[Records for this task]

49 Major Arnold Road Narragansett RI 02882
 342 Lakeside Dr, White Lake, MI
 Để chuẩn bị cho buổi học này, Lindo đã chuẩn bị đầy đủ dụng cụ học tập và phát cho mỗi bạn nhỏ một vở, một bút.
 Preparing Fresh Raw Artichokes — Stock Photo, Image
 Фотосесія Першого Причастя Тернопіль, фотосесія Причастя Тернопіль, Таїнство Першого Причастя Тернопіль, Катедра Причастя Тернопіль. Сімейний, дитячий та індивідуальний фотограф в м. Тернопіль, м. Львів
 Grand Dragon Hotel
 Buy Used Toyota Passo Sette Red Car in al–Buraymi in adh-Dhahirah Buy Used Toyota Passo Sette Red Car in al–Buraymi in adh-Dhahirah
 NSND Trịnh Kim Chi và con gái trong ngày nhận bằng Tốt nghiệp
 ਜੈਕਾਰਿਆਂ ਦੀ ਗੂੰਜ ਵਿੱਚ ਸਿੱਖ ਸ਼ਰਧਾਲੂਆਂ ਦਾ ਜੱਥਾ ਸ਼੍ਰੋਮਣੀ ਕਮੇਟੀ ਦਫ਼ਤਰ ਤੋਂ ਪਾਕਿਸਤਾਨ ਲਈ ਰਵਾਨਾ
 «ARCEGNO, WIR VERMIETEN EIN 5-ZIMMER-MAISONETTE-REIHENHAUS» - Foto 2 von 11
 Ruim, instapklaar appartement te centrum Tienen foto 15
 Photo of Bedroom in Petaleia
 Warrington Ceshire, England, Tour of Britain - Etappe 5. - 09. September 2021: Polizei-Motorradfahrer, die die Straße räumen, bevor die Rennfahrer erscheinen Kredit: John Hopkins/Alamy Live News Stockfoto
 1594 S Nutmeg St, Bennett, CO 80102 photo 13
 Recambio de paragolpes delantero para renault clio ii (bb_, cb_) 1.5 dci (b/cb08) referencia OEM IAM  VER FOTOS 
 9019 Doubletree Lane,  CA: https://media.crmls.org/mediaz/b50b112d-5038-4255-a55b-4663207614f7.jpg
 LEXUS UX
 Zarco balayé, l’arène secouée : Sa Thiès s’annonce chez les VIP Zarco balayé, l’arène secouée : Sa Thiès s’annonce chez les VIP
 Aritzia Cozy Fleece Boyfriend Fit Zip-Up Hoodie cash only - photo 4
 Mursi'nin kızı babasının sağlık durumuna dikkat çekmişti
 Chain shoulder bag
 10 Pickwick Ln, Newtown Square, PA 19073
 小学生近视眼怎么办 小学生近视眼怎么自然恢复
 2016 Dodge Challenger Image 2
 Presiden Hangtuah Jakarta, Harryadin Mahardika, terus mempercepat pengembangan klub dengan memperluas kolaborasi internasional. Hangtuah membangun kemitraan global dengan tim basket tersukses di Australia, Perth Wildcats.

[To do]
Set the records above down again, exactly as they read.

[Response to this task]
49 Major Arnold Road Narragansett RI 02882
 342 Lakeside Dr, White Lake, MI
 Để chuẩn bị cho buổi học này, Lindo đã chuẩn bị đầy đủ dụng cụ học tập và phát cho mỗi bạn nhỏ một vở, một bút.
 Preparing Fresh Raw Artichokes — Stock Photo, Image
 Фотосесія Першого Причастя Тернопіль, фотосесія Причастя Тернопіль, Таїнство Першого Причастя Тернопіль, Катедра Причастя Тернопіль. Сімейний, дитячий та індивідуальний фотограф в м. Тернопіль, м. Львів
 Grand Dragon Hotel
 Buy Used Toyota Passo Sette Red Car in al–Buraymi in adh-Dhahirah Buy Used Toyota Passo Sette Red Car in al–Buraymi in adh-Dhahirah
 NSND Trịnh Kim Chi và con gái trong ngày nhận bằng Tốt nghiệp
 ਜੈਕਾਰਿਆਂ ਦੀ ਗੂੰਜ ਵਿੱਚ ਸਿੱਖ ਸ਼ਰਧਾਲੂਆਂ ਦਾ ਜੱਥਾ ਸ਼੍ਰੋਮਣੀ ਕਮੇਟੀ ਦਫ਼ਤਰ ਤੋਂ ਪਾਕਿਸਤਾਨ ਲਈ ਰਵਾਨਾ
 «ARCEGNO, WIR VERMIETEN EIN 5-ZIMMER-MAISONETTE-REIHENHAUS» - Foto 2 von 11
 Ruim, instapklaar appartement te centrum Tienen foto 15
 Photo of Bedroom in Petaleia
 Warrington Ceshire, England, Tour of Britain - Etappe 5. - 09. September 2021: Polizei-Motorradfahrer, die die Straße räumen, bevor die Rennfahrer erscheinen Kredit: John Hopkins/Alamy Live News Stockfoto
 1594 S Nutmeg St, Bennett, CO 80102 photo 13
 Recambio de paragolpes delantero para renault clio ii (bb_, cb_) 1.5 dci (b/cb08) referencia OEM IAM  VER FOTOS 
 9019 Doubletree Lane,  CA: https://media.crmls.org/mediaz/b50b112d-5038-4255-a55b-4663207614f7.jpg
 LEXUS UX
 Zarco balayé, l’arène secouée : Sa Thiès s’annonce chez les VIP Zarco balayé, l’arène secouée : Sa Thiès s’annonce chez les VIP
 Aritzia Cozy Fleece Boyfriend Fit Zip-Up Hoodie cash only - photo 4
 Mursi'nin kızı babasının sağlık durumuna dikkat çekmişti
 Chain shoulder bag
 10 Pickwick Ln, Newtown Square, PA 19073
 小学生近视眼怎么办 小学生近视眼怎么自然恢复
 2016 Dodge Challenger Image 2
 Presiden Hangtuah Jakarta, Harryadin Mahardika, terus mempercepat pengembangan klub dengan memperluas kolaborasi internasional. Hangtuah membangun kemitraan global dengan tim basket tersukses di Australia, Perth Wildcats.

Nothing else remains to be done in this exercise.